In mid-July, Bruner pleaded guilty to theft from the elderly. As part of a plea deal, prosecutors dismissed one count each of grand theft and theft.
On March 4 and April 1, Bruner stole several items -- amounting to more than $7,500 -- from a person who was older than 65. More than $1,500 of the items were jewelry.
At an Aug. 29 hearing, he was ordered to pay $10,236 in restitution to one set of victims and $1,000 to two more. Some of the victims are Bruner's relatives.
Bruner's aunt spoke to the court and her nephew before he was sentenced. She said the family offered Bruner help many times for his drug addiction and she'd be willing to help him "work it out," but he ultimately betrayed the trust of his grandmother.
"I want him to know how much he hurt everyone with all this," she said. "There are things your grandmother lost that belonged to your grandfather."
About the stolen items, the aunt said the family won't be able to replace them. She stressed to Bruner that the hurt he has inflicted on the family is about the sentimental value of the stolen items, not their monetary worth.
Some of the stolen property was recovered.
"You proclaimed how much you missed your uncle and turned around and do this. ... You wanted him to be proud of you. This is no way to make him proud of you," Bruner's aunt told him.

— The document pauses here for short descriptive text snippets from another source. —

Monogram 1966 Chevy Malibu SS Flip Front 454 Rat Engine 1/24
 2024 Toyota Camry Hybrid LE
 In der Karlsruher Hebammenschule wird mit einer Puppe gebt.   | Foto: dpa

The defendant's aunt also said she wants to see her nephew get some treatment, but also be punished.
"He needs to suffer all (the) consequences for his actions," she told the judge.

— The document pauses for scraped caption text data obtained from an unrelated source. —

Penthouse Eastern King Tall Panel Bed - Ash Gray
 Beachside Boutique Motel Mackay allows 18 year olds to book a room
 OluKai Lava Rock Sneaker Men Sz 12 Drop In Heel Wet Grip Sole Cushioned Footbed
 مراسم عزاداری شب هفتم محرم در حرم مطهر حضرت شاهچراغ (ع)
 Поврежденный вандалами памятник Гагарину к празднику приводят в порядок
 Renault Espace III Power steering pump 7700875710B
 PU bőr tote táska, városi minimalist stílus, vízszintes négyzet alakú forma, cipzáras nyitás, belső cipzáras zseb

Bruner's attorney, Huron County Public Defender David Longo, seemed at a lost for what punishment to recommend. Longo said he believes his client is "genuinely sorry" and while he understands Bruner's family wants to see punishment and some rehabilitation, he didn't know what the "correct solution" should be.
Huron County Common Pleas Judge Jim Conway sentenced Bruner to 180 days in the Huron County Jail -- the maximum local time for the offense. With credit for time already served, he has fewer than 60 days remaining.

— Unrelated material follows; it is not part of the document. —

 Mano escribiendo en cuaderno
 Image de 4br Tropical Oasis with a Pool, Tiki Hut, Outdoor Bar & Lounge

Conway said the court received "significant feedback" from the victims and Bruner's family. The judge also ruled the crime had a large psychological impact.
Bruner must obtain his GED and undergo random drug screens as part of his three years of intense probation. He is prohibited from having any association with his aunt or being on her property.
If he violates his probation, he faces three years in prison.